Notorycznie parkuje na całej szerojkości chodnika przy ulicy Królowej Jadwigi i nie przejmuje się że zaraz za jego zderzakiem jest zakaz parkowania. Cwaniak robi to wieczorami gdy wie, że nie działa SM.
Dostawczak oklejony reklamami zakładu stolarskiego Anmaro spod Słupska. Kierowca zaparkował sobie na CAŁEJ szerokości chodnika przy Królowej Jadwigi 11 i poszedł sobie na kilka godzin robić fuchę. Ludzie musieli chodzić po ulicy bo nie mieli ani skrawka chodnika.
W Słupsku przy dawnym Kinie Millenium przy ulicy Zamenhoffa parkuje na środku chodnika, nawet nie na poboczu tylko wjeżdża na chodnik tak że nie ma szans na przejście nim. Robi to notorycznie.
Słupsk, ul. Poznańska, pasy przy skrzyżowaniu z ul.

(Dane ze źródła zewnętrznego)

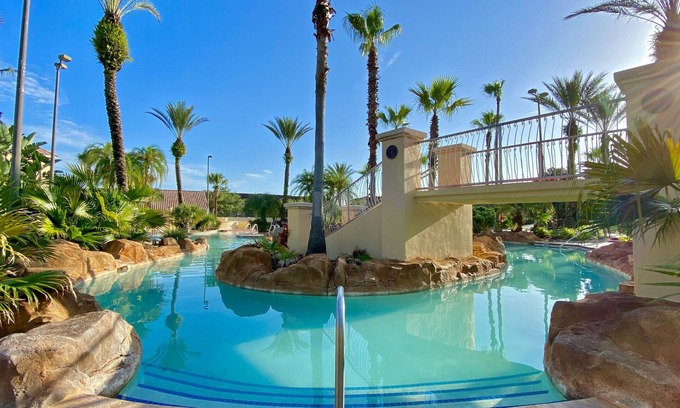 Wellington Casa | Charming and Comfy Townhouse at Regal Palms Resort, just 15 minutes from Disney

Zieloną. Straszenie przejechaniem, groźby i jazda z szaleńczą prędkością.
Przeszedłem dwa pasy ruchu, przeszedłem wysepkę, przeszedłem kolejny pas i na ostatnim jadący z dużą prędkością kierowca straszył mnie że sie nie zatrzyma po czym kilka cm od moich kolan ostro zahamował. Widział mnie z daleka że przechodzę.
Po zahamowaniu bał się wyjśc i dyskutować więc zrobił zakręt na rondzie i zuch z pasa odwrotnego otworzył okno i krzyczał przez nie do mnie na całe osiedle. Prawdopodobnie albo naćpany albo poczuł amory.
Jak dla mnie dziwne zachowanie bo jestem mężczyzną i nigdy jeszcze nie podrywał mnie facet...
(Honda HRV) Na drodze krajowej 21 między Słupskiem, a Ustką, na wysokości Bydlina wyprzedzał na trzeciego tak, że samochody jadące z przeciwnego pasa trąbiły chcąc zniwelować zagrożenie. Spowodował, że musieliśmy nagłym manewrem zjechać na pobocze. (Bylismy samochodem wyprzedzanym). Potem taki niedojrzalec sztuczny kozak siedzi z głową w rekach i płacze, że nie chciał... Dno.